Observando el mar desde las riberas de Manabí, evoco catedrales sumergidas que atesora el océano menos pacífico del mundo. Son vestigios del imaginario de Debussy, pero también el que mi padre Vicente Parrini, dejó escrito en un poema que habla de misterios marinos. El mar con sus oquedades profundas me trae, -como un oleaje- la nostalgia de un país largo bañado por las aguas más profundas del planeta. Pero es en la memoria amorosa que naufragan los recuerdos de un mar de mercurio, gris y gélido, frente a las costas de Punta Arenas, en el apéndice austral extremo de Sudamérica, frente al continente antártico de hielos eternos. Un paisaje sobrecogedor de blanco infinito que contrasta con este cálido mar ecuatorial de cielos cubiertos que deja filtrar rayos de sol como destellos emanados por alguna deidad.
Aquí en la costa manaba, la corriente cálida del Niño hace de éste un mar tórrido, mientras que en el sur, la corriente fría de Humbolt baña las costas australes de Chile con oleajes imponentes en magnitud y temperaturas extremas. En Manta el mar es apacible, sin embargo regala olas propicias de mediana altura a los surfistas que merodean la playa. Alguna vez, con la misma vista espacial que domina la bahía de Manta, admiré la panorámica de la bahía de Valparaíso desde el Cerro de Los Placeres. Una mar embravecida mecía las embarcaciones caladas en el puerto, mientras furiosas lenguas de espuma sal se estrellaban contra los rompeolas de roca marina vigilados por el faro más señero de América del Sur. Cuando en el horizonte se ha perdido el sol, recién las corrientes marinas amainan su fuerza contra el puerto chileno.

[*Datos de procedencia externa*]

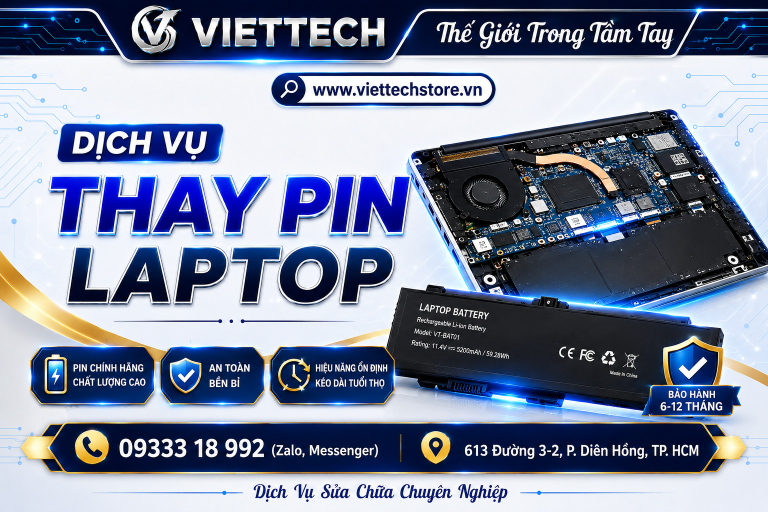 Dịch vụ thay pin laptop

Este mar ceniciento de Manta, a la hora del crepusculario, no anida puestas de sol; apenas una bandada de gaviotas blancas traza en el cielo aquello que debió ser la ruta carmesí del astro menguante. Y este mar de oquedades oscuras, no es difícil de metaforizar con la muerte, un espacio insondable de catedrales sumergidas y coros oceánicos propicio para el Día de Difuntos.
A esta hora vespertina, exactamente, la evocación luctuosa frente al mar emerge como un mundo de planos imaginarios, en donde la muerte es un acto natural del ser humano que traspasa la realidad para buscar una permanencia, el irremediable enfrentamiento del hombre con su destino que descubre, a partir del transcurso del tiempo y al confrontarse con un designio final. Borges decía de la muerte que ésta era pura contemplación del alma, -o lo que es más importante-, como la revelación del verdadero sentido de la vida hasta ese instante. El mar, en su oleaje persistente, representa el retorno existencial del ser humano a ese único punto de partida y de llegada, como un barco que emerge de la bruma para zapar hacia un destino incierto.